Abplatin(IV) Inhibited Tumor Growth On A Patient Derived Cancer Model of Hepatocellular Carcinoma And Its Comparative Multi-Omics Study With Cisplatin

Abstract Background: Cisplatin is the most common antitumor alkylating agent of platinum(II) (Pt(II)) in clinic, however it had many side effects. It is necessary to develop low toxicity platinum(IV) (Pt(IV)) drugs. Multi-omics was frequently used to help one understand the mechanism of a certain therapy at the molecular level. Little was known about the mechanism of Pt(IV) drugs, which may be benifical for clinical translation. Methods : We developed a Pt(IV) drug of cisplatin with two hydrophobic aliphatic chains and further encapsulated it with a drug carrier human serum albumin (HSA) to prepare Abplatin (IV) . Transcriptomics, metabolomics and lipidomics were performed to clarify the mechanism of Pt(IV) drugs. T-test assay and fold change were used to find the differential substances. Results : We had further shown Abplatin (IV) had better tumor-targeting performance and greater tumor inhibtion rate than cisplatin.

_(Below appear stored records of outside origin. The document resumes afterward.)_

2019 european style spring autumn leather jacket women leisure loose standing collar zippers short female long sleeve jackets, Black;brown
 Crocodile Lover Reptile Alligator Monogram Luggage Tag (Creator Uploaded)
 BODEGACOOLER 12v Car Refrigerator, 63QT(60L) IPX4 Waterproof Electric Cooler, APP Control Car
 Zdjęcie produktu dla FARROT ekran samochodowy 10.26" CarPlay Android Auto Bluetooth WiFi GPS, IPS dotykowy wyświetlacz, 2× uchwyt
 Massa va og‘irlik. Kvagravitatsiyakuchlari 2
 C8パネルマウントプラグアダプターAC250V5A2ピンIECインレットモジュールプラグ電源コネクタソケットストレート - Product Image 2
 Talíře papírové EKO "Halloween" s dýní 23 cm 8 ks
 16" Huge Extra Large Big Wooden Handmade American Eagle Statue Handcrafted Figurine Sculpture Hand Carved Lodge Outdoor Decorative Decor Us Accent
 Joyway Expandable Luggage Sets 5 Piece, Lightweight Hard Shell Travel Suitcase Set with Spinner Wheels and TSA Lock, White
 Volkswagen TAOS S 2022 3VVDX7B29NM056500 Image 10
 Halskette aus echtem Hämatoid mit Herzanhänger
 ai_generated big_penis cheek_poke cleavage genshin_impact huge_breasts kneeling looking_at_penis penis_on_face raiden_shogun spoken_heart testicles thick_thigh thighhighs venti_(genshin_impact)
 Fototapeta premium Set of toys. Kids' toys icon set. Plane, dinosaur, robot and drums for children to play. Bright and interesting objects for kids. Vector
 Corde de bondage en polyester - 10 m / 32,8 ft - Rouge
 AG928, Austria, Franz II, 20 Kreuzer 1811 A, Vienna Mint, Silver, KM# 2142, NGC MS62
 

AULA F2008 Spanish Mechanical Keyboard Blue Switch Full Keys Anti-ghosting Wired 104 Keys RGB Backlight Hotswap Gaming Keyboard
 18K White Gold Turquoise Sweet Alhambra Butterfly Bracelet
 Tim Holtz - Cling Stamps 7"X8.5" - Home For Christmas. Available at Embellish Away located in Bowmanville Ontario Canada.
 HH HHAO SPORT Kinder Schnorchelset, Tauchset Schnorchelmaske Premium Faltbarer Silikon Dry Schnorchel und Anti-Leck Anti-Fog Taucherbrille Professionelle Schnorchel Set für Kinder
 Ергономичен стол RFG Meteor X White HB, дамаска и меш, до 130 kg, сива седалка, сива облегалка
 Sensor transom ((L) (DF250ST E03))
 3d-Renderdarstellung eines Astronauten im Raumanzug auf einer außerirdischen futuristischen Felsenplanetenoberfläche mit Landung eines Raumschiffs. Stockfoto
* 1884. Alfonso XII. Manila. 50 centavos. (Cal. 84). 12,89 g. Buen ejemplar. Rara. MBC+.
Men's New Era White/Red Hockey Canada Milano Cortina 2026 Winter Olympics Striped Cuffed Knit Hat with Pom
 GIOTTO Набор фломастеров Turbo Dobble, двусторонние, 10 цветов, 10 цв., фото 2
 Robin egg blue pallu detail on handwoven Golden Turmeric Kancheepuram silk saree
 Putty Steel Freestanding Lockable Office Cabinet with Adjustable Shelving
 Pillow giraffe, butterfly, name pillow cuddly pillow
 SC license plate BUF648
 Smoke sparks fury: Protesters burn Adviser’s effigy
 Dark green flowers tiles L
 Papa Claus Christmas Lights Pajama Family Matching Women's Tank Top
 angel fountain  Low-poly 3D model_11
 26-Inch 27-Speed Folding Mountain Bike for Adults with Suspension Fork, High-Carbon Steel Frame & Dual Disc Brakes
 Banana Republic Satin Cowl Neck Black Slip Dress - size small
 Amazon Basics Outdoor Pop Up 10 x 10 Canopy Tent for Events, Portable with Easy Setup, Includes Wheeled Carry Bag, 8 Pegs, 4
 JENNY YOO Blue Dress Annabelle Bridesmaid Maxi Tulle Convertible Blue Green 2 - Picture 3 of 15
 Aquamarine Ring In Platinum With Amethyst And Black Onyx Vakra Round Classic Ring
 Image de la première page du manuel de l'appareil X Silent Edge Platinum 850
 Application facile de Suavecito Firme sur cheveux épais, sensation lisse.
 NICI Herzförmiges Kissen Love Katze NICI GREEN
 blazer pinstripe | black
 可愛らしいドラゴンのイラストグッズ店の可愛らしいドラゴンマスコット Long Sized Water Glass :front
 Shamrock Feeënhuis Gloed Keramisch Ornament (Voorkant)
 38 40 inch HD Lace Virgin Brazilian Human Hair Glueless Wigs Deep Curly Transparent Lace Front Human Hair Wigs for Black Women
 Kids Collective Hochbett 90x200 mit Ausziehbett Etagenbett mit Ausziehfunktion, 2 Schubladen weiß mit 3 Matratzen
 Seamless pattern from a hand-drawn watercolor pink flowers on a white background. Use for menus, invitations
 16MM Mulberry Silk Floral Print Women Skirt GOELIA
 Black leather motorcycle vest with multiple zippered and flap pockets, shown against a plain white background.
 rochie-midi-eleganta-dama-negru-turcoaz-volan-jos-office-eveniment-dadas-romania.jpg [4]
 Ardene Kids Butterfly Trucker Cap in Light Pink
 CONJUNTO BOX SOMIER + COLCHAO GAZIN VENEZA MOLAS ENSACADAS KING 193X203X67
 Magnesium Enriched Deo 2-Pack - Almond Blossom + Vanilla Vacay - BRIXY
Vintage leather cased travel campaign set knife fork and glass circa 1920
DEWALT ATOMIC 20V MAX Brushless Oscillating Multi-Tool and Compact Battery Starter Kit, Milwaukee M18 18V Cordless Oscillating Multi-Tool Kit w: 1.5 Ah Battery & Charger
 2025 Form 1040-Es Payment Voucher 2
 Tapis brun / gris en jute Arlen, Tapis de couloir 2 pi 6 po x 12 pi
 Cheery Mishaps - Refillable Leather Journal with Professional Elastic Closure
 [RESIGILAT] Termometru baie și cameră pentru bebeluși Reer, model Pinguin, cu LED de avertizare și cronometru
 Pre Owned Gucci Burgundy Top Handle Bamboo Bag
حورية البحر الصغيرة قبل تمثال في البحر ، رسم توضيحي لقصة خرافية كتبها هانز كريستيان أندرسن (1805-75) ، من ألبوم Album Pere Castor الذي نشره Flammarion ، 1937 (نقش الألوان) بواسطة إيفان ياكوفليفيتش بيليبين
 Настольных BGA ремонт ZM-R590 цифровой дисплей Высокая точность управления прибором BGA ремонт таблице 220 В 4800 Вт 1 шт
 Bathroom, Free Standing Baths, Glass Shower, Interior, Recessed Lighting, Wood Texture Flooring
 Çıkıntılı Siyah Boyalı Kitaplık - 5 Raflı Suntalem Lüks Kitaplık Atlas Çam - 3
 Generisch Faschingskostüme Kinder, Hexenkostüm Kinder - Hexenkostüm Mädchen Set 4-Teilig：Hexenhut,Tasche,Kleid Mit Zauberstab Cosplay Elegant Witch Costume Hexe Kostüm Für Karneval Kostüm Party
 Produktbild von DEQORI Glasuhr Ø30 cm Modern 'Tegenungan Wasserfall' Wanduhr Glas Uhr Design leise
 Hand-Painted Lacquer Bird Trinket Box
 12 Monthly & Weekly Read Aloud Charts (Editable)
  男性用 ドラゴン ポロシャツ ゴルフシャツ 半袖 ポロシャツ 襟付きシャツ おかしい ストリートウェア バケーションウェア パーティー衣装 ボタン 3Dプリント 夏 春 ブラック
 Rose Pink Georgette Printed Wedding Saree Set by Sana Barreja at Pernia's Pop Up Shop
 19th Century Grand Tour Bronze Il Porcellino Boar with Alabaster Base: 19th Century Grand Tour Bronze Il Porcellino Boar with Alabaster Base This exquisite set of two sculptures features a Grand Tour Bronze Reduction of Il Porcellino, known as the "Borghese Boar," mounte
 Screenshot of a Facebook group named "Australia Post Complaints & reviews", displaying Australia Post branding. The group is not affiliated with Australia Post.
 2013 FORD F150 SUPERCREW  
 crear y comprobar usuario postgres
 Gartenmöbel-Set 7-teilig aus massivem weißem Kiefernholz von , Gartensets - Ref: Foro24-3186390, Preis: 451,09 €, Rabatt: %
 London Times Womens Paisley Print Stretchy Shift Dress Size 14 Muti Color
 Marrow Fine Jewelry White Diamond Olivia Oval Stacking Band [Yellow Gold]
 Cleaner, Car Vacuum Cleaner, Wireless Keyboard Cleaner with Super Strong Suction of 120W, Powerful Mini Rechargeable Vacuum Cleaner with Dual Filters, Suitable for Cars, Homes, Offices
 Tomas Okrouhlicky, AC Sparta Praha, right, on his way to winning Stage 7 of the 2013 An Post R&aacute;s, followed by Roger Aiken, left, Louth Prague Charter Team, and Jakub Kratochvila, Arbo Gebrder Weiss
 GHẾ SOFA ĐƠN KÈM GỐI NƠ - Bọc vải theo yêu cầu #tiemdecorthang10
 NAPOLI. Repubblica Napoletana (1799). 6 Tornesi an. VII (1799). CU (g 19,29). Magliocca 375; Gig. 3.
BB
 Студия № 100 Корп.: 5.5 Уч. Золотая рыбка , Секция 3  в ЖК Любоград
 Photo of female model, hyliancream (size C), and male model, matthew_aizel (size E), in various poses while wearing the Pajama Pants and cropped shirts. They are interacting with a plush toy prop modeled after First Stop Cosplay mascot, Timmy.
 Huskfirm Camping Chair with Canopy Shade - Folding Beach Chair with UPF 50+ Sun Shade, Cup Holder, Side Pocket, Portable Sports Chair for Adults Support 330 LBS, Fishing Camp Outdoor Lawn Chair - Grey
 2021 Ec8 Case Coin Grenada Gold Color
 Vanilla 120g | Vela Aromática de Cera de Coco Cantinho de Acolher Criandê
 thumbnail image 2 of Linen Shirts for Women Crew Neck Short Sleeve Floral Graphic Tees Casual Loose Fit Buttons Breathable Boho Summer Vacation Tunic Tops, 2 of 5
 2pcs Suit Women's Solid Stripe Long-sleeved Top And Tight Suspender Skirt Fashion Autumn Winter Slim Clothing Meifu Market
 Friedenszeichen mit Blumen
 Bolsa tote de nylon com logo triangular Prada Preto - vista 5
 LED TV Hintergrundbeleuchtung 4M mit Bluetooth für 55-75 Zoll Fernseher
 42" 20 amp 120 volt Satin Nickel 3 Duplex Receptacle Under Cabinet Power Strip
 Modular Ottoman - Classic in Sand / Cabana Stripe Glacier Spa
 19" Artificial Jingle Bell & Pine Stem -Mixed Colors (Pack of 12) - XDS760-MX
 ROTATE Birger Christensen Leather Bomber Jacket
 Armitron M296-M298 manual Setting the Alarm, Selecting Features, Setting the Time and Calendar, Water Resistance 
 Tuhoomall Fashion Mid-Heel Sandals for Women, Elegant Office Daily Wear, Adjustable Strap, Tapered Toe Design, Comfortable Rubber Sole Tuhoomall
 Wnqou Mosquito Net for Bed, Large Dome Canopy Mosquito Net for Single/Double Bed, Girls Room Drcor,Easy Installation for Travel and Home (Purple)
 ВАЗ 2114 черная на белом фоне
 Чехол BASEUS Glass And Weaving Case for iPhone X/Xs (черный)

Lipidomics study showed that Abplatin (IV) might induce the changes of BEL-7404 cell membrane, and caused the disorder of glycerophospholipids and sphingolipids. In addition, transcriptomics and metabolomics study showed that Abplatin (IV) mainly disturbed more significant purine metabolism pathway than cisplatin. Conclusions : This research highlighted the development of Abplatin (IV) and the use of multi-omics to help one understand the mechanism of action of prodrugs and their DDS, which was the key to the clinical translation of them.